__What you need to do__. For the material below, output exactly the span from the line with "2021 Jeep Grand Cherokee L Limited 4x4" to the line with "Ilustrasi pertandingan Kristiansund", including both, and nothing besides.

__Supplied data__.
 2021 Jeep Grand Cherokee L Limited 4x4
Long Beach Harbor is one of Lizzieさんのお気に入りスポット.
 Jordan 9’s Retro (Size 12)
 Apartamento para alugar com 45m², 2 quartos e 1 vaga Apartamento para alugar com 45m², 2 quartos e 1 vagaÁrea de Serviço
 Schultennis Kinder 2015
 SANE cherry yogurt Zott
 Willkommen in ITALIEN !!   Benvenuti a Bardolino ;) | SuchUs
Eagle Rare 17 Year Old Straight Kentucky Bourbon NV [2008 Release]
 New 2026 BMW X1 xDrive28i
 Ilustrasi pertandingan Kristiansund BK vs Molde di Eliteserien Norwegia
--
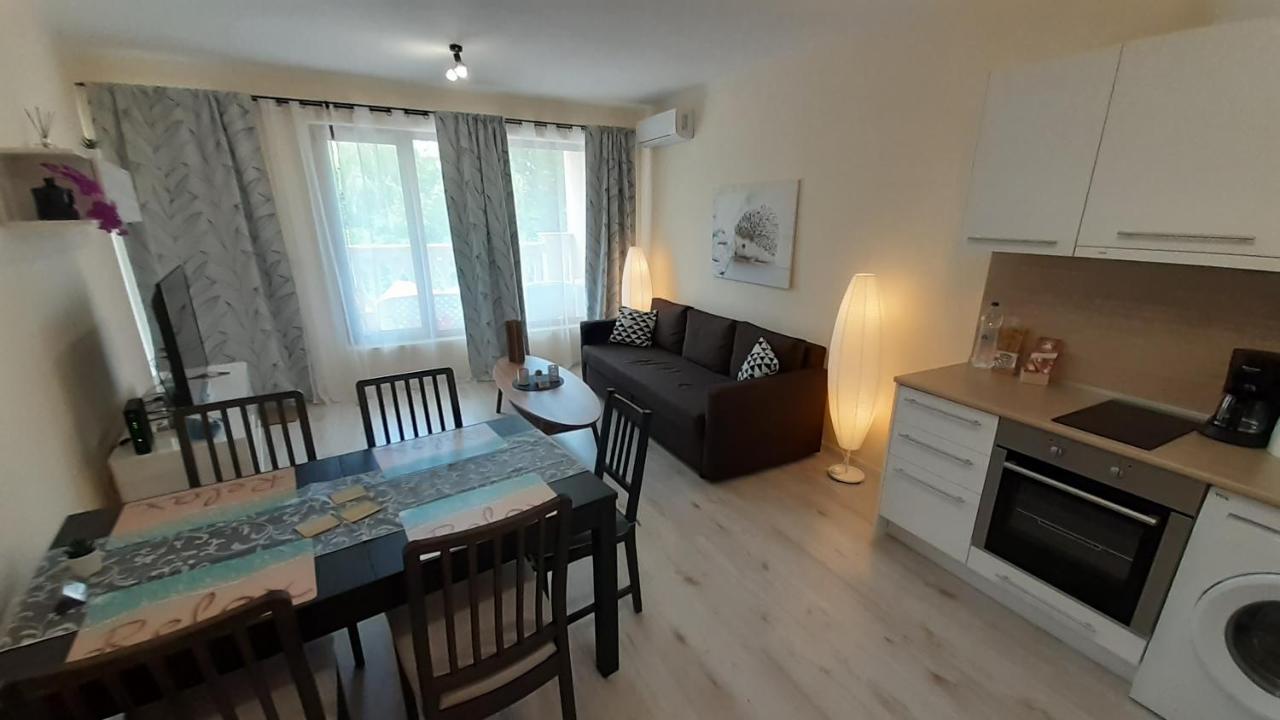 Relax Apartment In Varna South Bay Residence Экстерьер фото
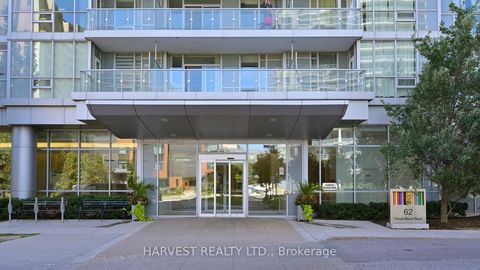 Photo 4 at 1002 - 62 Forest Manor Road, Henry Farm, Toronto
==
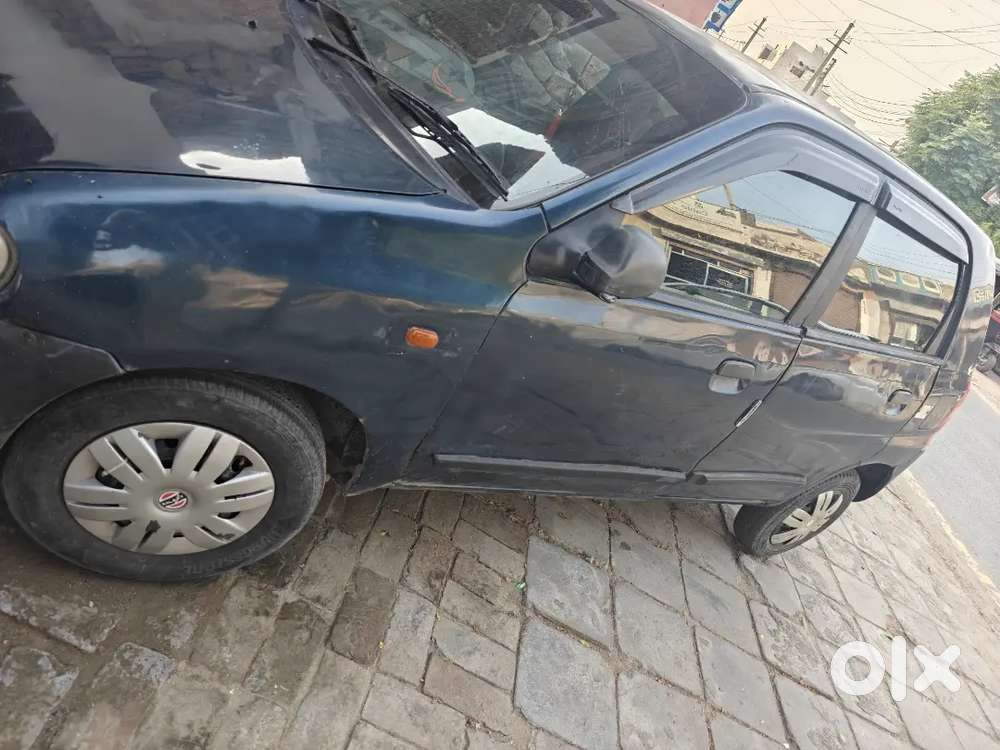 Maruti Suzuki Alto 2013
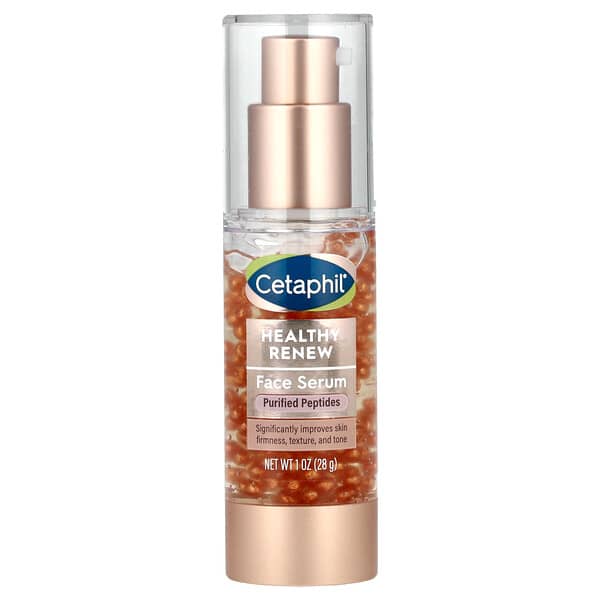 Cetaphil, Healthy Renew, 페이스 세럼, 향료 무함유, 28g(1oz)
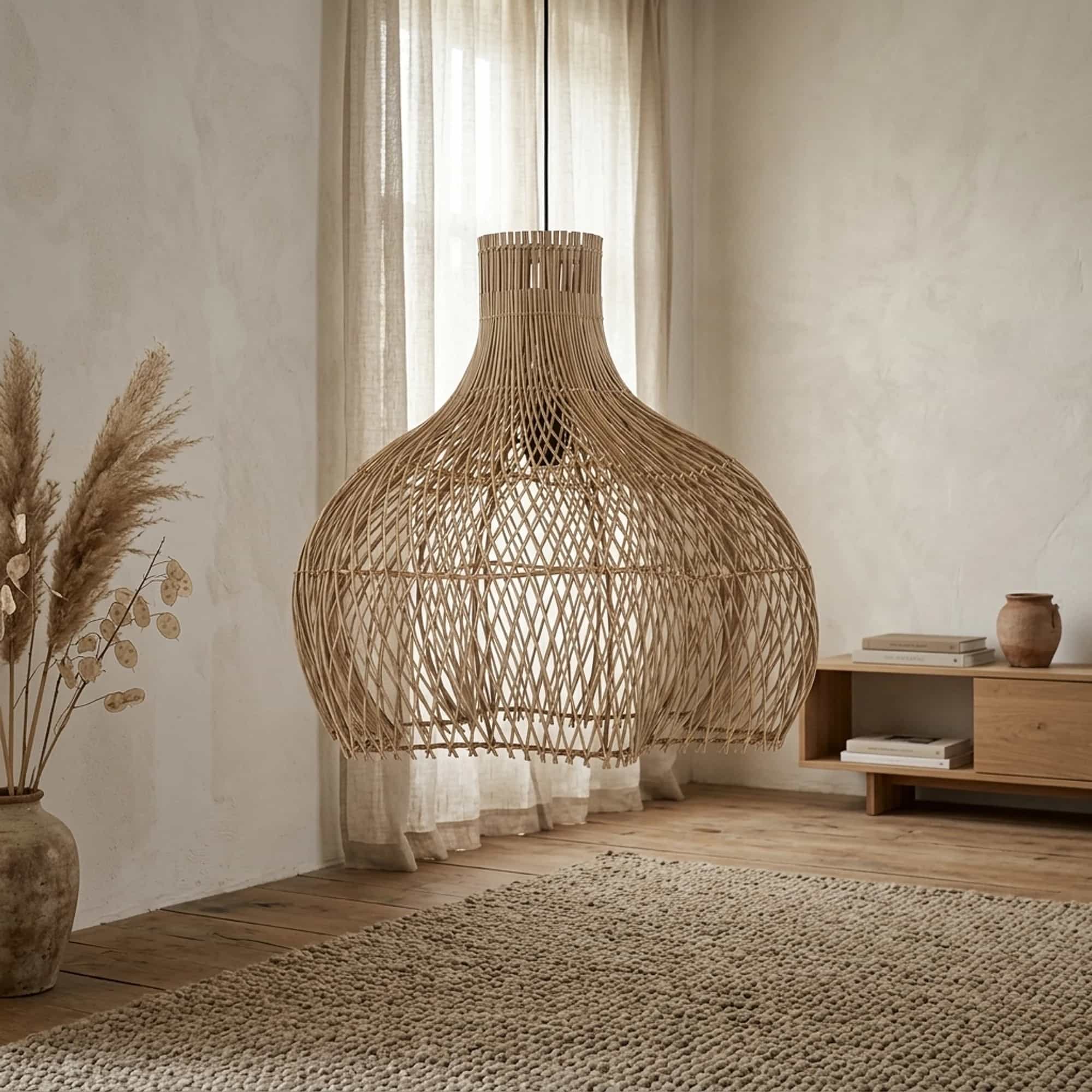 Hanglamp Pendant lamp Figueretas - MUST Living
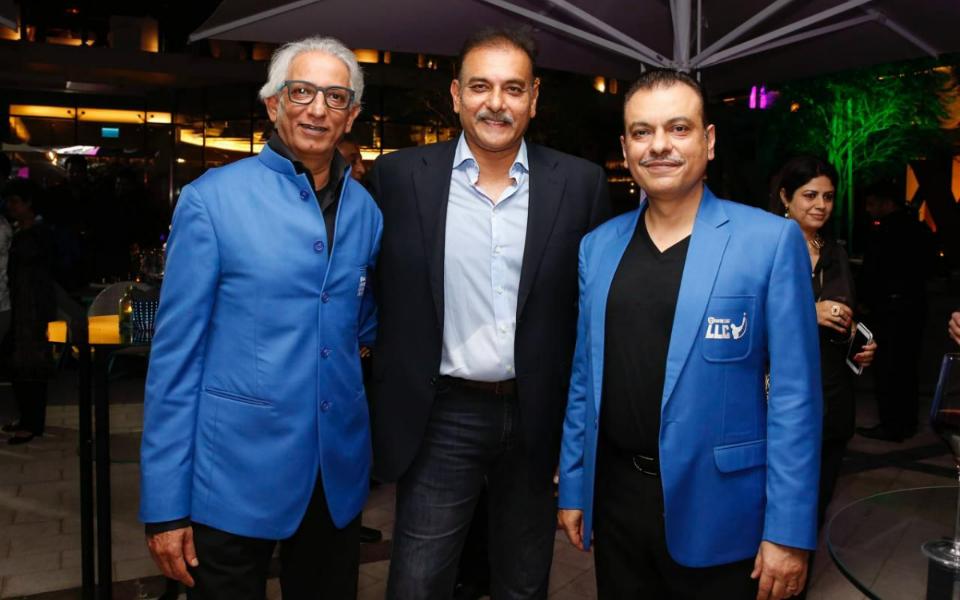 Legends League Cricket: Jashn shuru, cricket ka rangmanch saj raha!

__Answer space__.
 2021 Jeep Grand Cherokee L Limited 4x4
Long Beach Harbor is one of Lizzieさんのお気に入りスポット.
 Jordan 9’s Retro (Size 12)
 Apartamento para alugar com 45m², 2 quartos e 1 vaga Apartamento para alugar com 45m², 2 quartos e 1 vagaÁrea de Serviço
 Schultennis Kinder 2015
 SANE cherry yogurt Zott
 Willkommen in ITALIEN !!   Benvenuti a Bardolino ;) | SuchUs
Eagle Rare 17 Year Old Straight Kentucky Bourbon NV [2008 Release]
 New 2026 BMW X1 xDrive28i
 Ilustrasi pertandingan Kristiansund BK vs Molde di Eliteserien Norwegia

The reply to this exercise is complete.